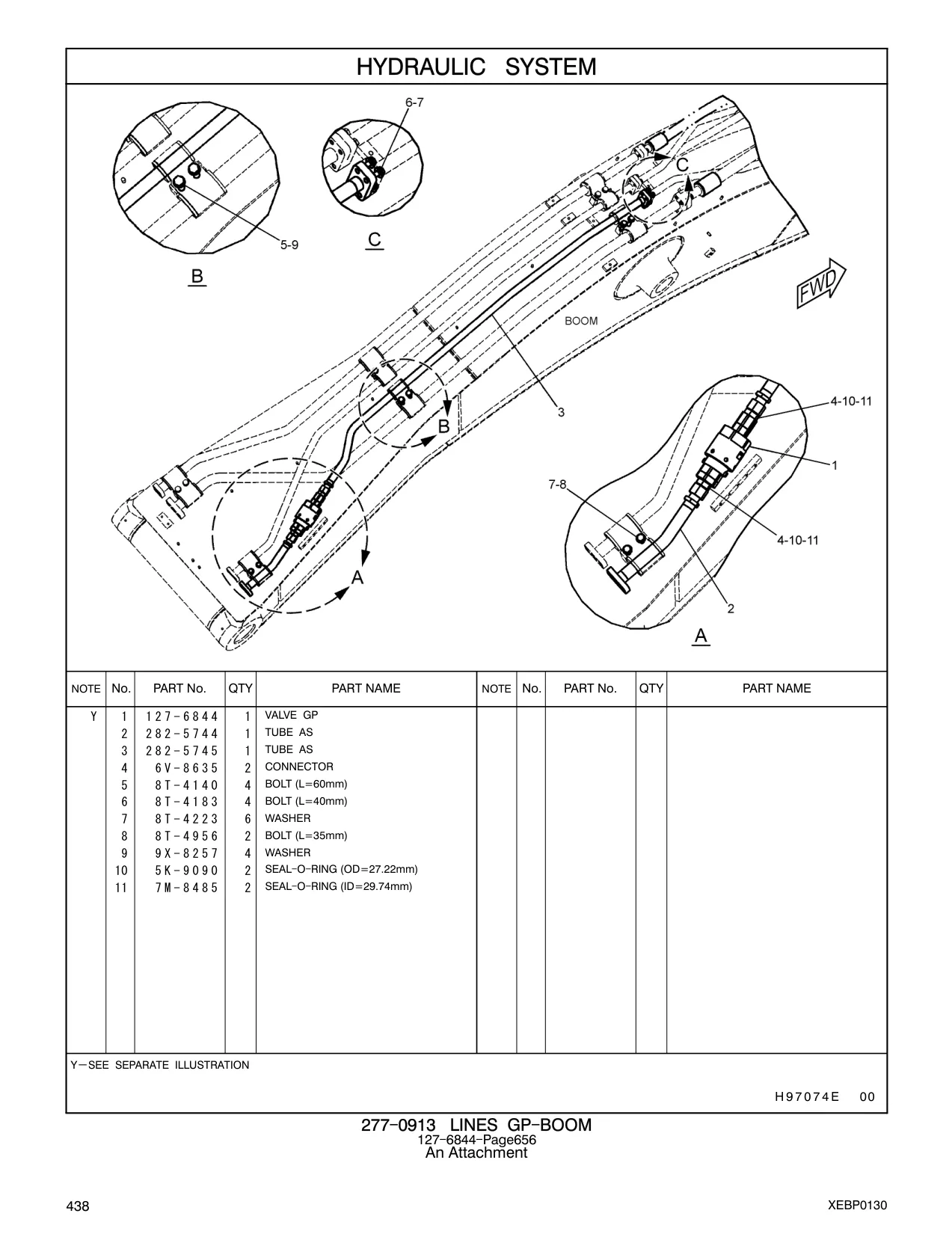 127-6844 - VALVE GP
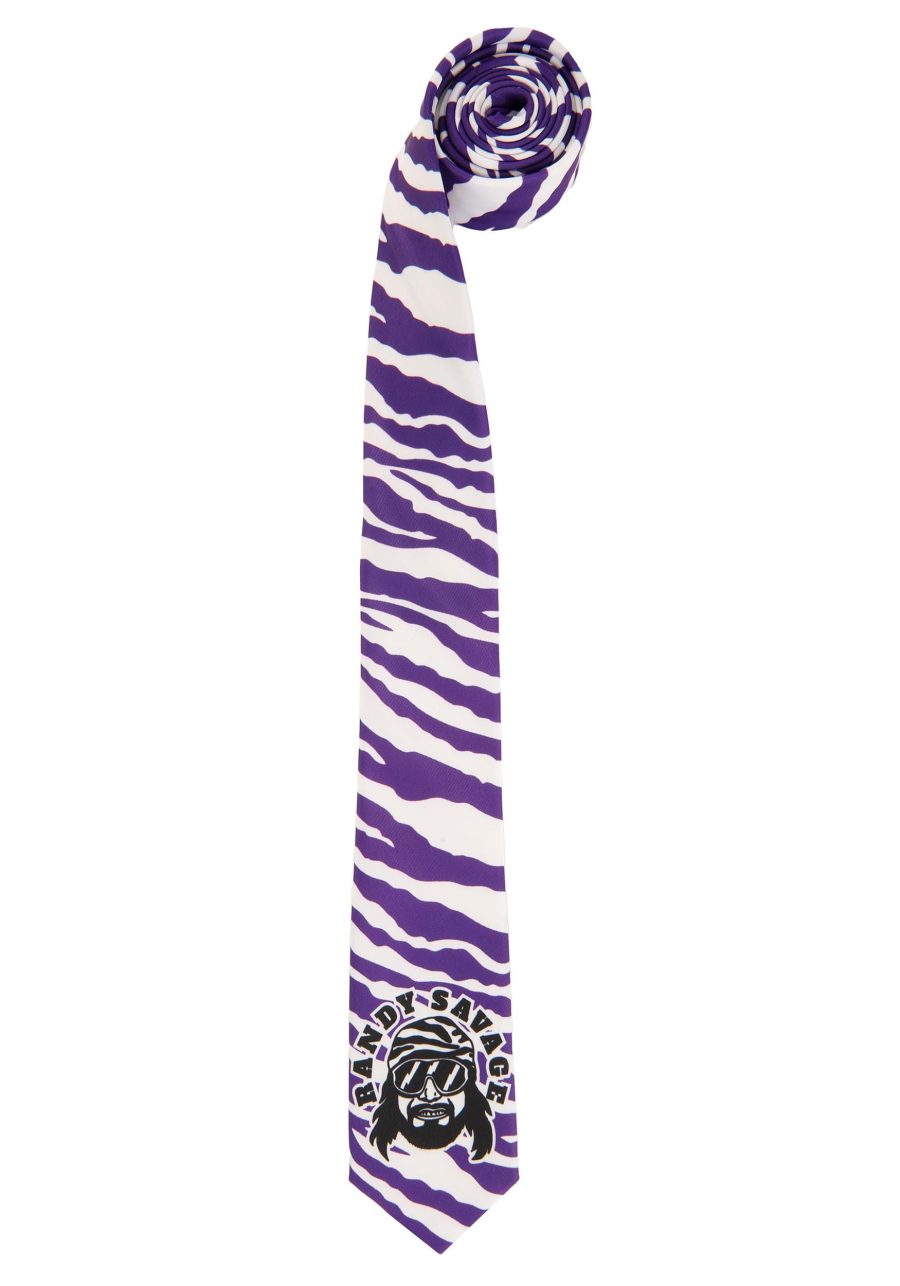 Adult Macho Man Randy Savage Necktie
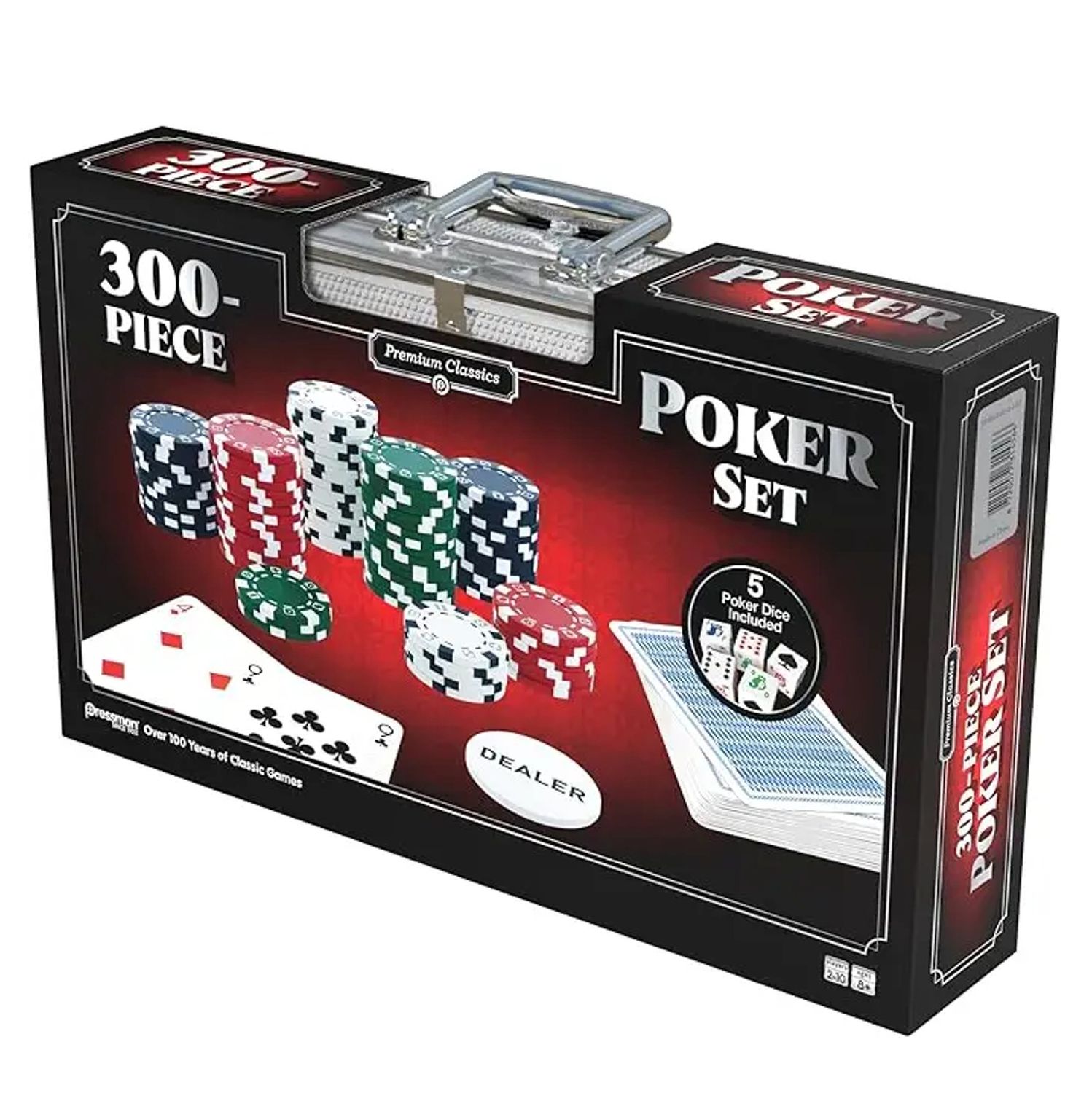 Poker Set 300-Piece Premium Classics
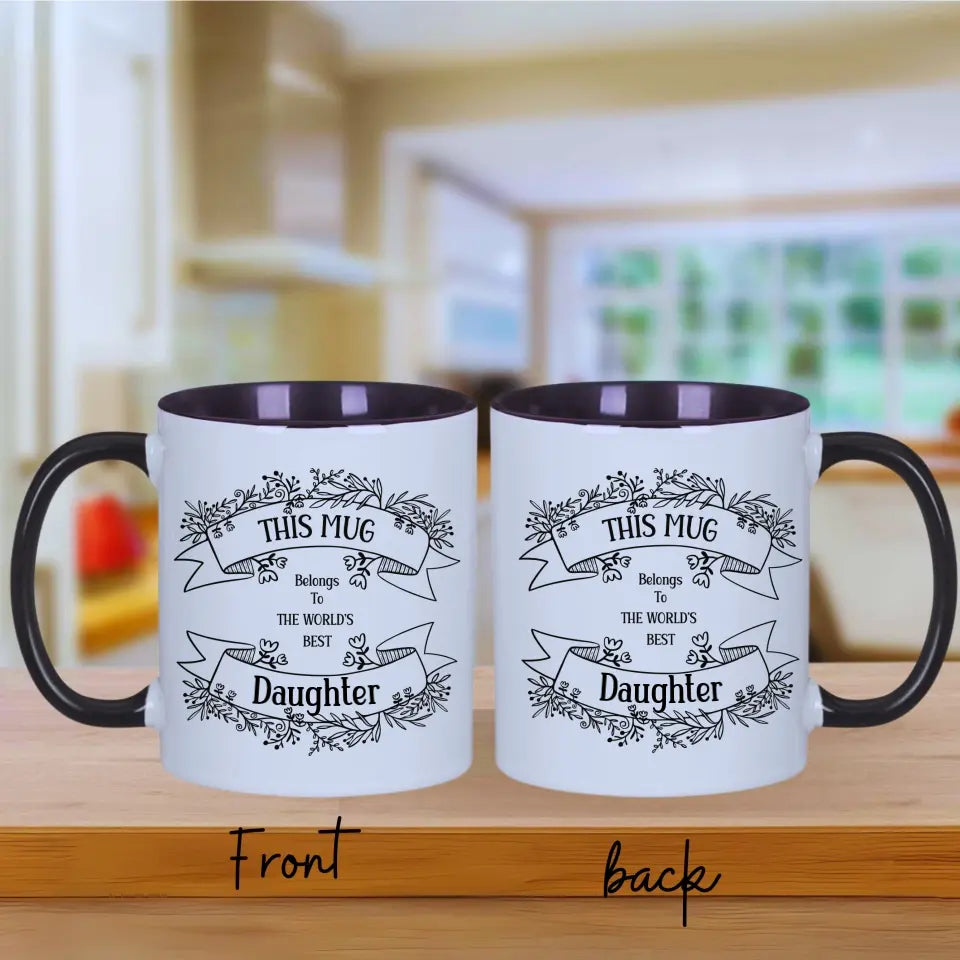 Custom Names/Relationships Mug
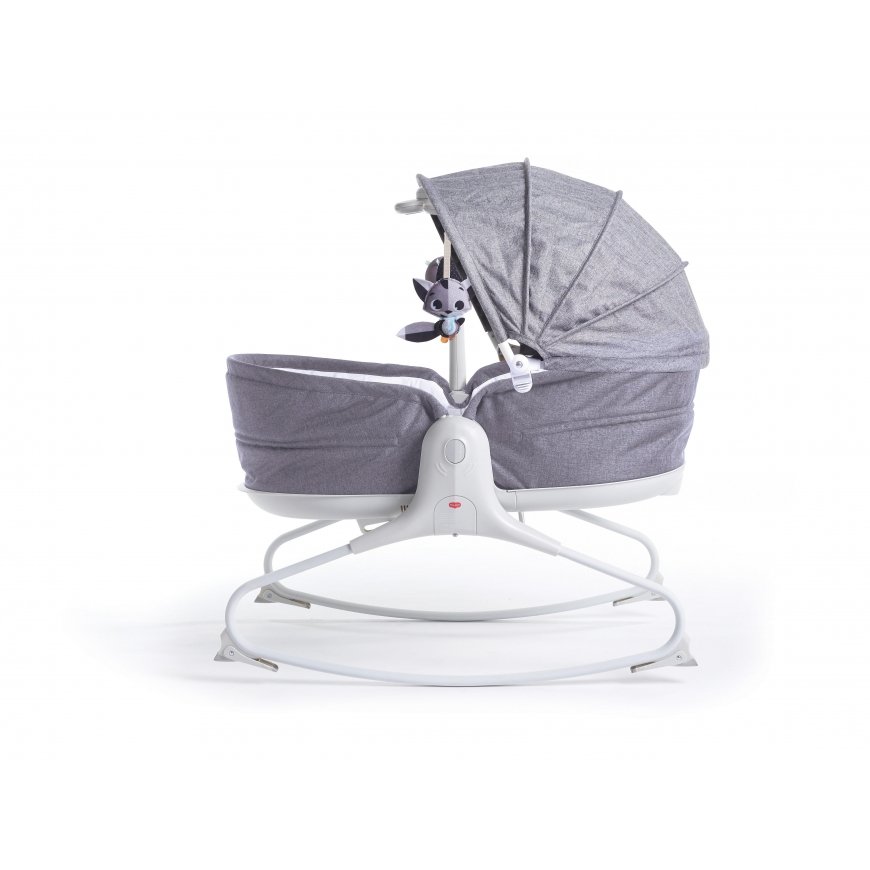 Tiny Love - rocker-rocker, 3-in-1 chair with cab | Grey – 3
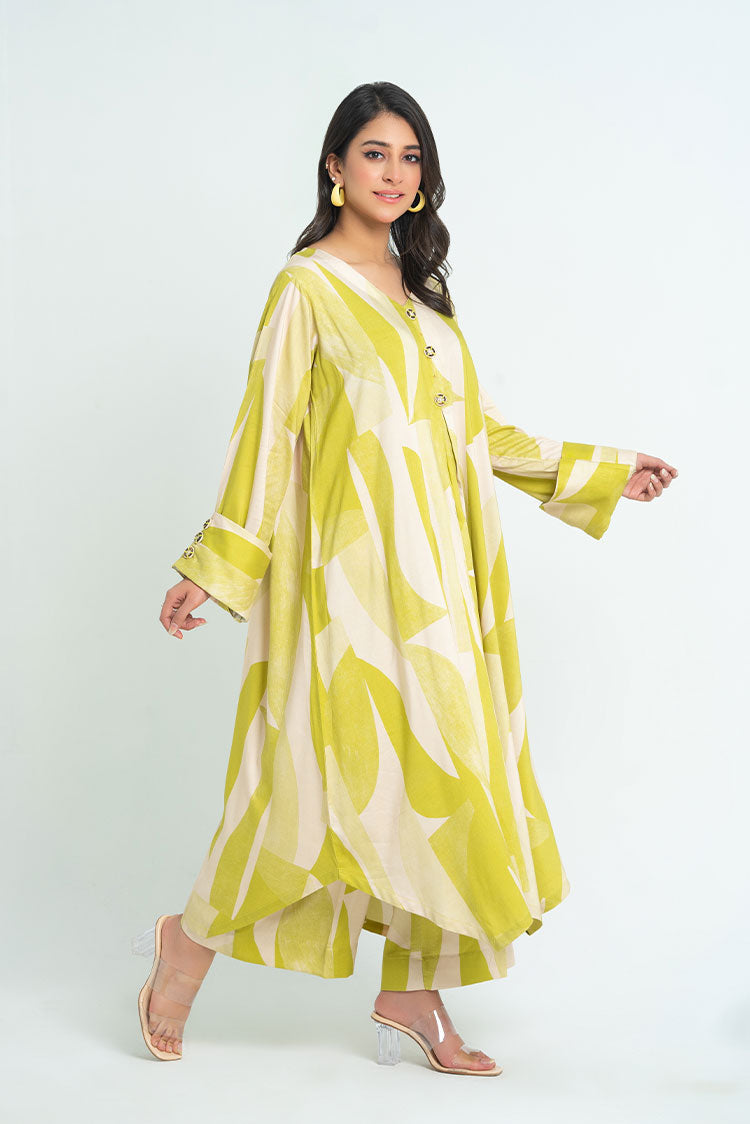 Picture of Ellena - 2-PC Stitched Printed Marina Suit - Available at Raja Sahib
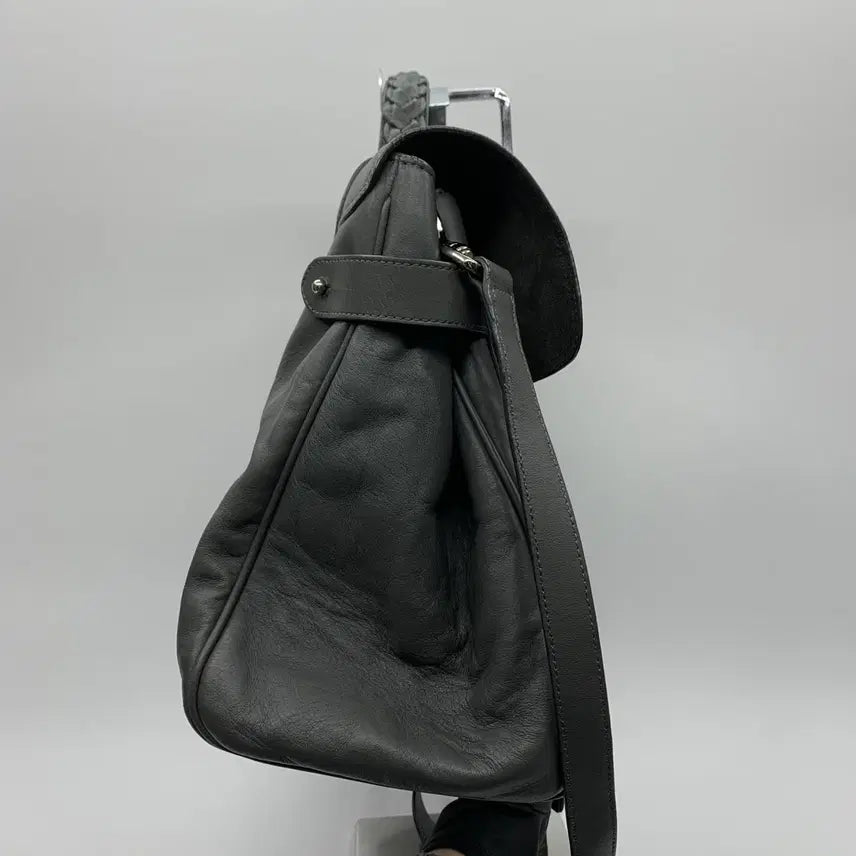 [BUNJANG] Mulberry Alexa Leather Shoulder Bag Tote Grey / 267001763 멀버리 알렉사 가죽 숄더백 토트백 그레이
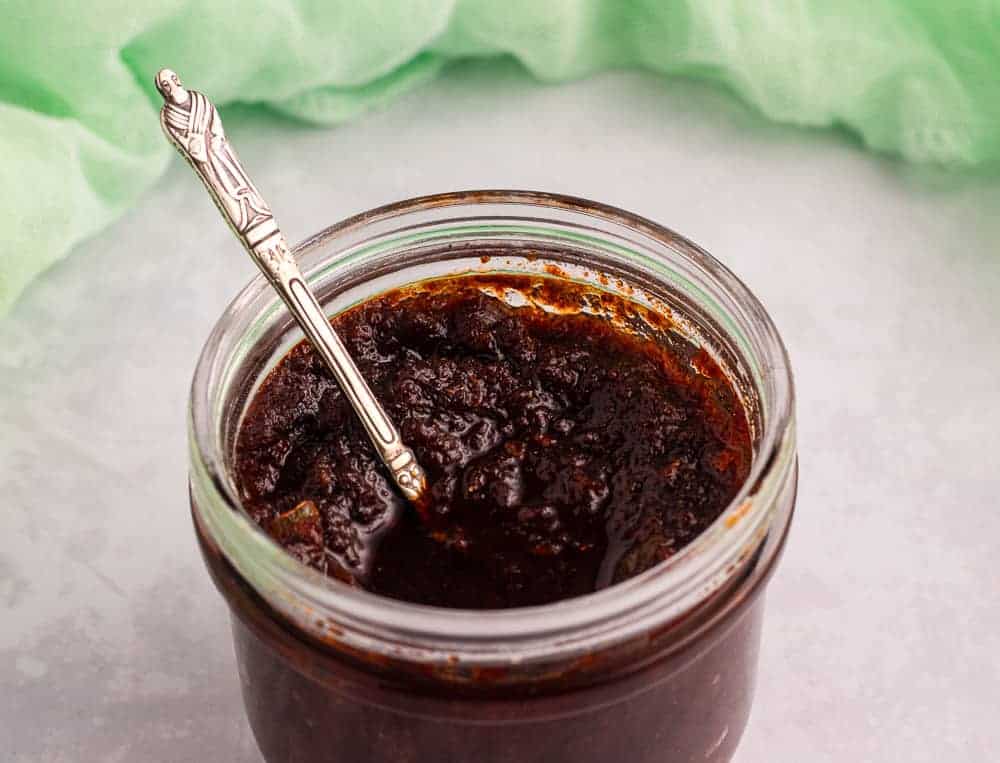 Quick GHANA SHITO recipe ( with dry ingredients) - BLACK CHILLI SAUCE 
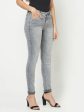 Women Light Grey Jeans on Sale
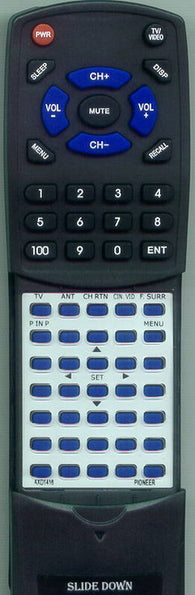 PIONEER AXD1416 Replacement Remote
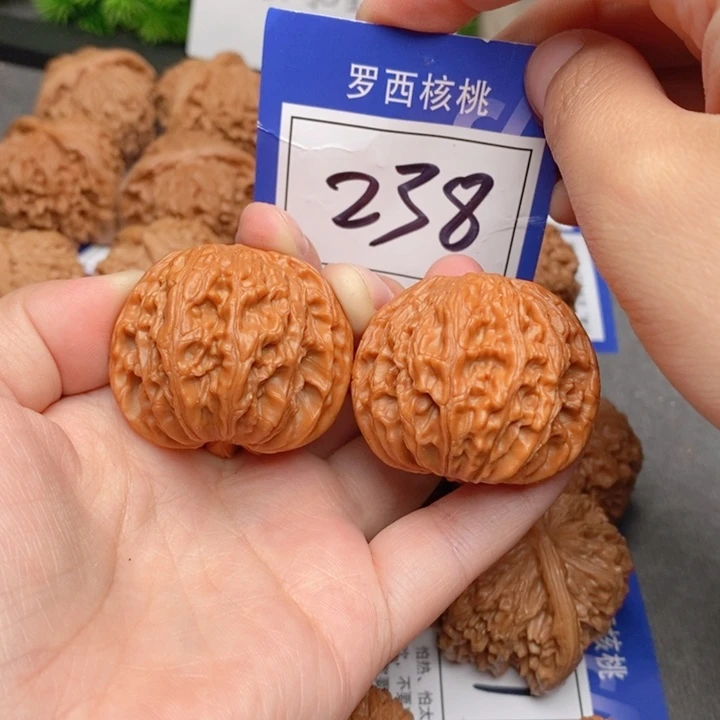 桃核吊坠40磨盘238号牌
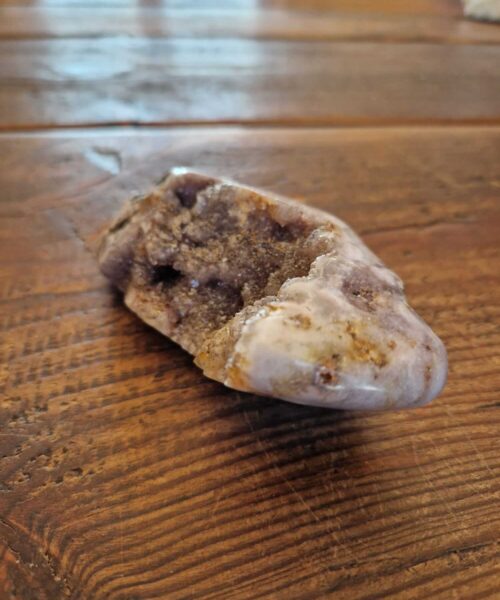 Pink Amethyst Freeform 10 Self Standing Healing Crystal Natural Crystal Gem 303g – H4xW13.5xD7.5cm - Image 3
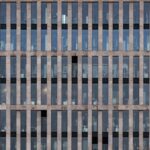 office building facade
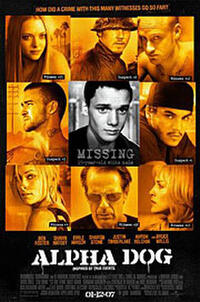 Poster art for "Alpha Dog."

————————

Aim of the exercise:
Repeat exactly and only the lines from the one holding "[BUNJANG] Mulberry Alexa" through the final line of the entries; no pictures.

Output of the exercise:
 [BUNJANG] Mulberry Alexa Leather Shoulder Bag Tote Grey / 267001763 멀버리 알렉사 가죽 숄더백 토트백 그레이
 Quick GHANA SHITO recipe ( with dry ingredients) - BLACK CHILLI SAUCE 
 Women Light Grey Jeans on Sale
 PIONEER AXD1416 Replacement Remote
 桃核吊坠40磨盘238号牌
 Pink Amethyst Freeform 10 Self Standing Healing Crystal Natural Crystal Gem 303g – H4xW13.5xD7.5cm - Image 3
 office building facade
 Poster art for "Alpha Dog."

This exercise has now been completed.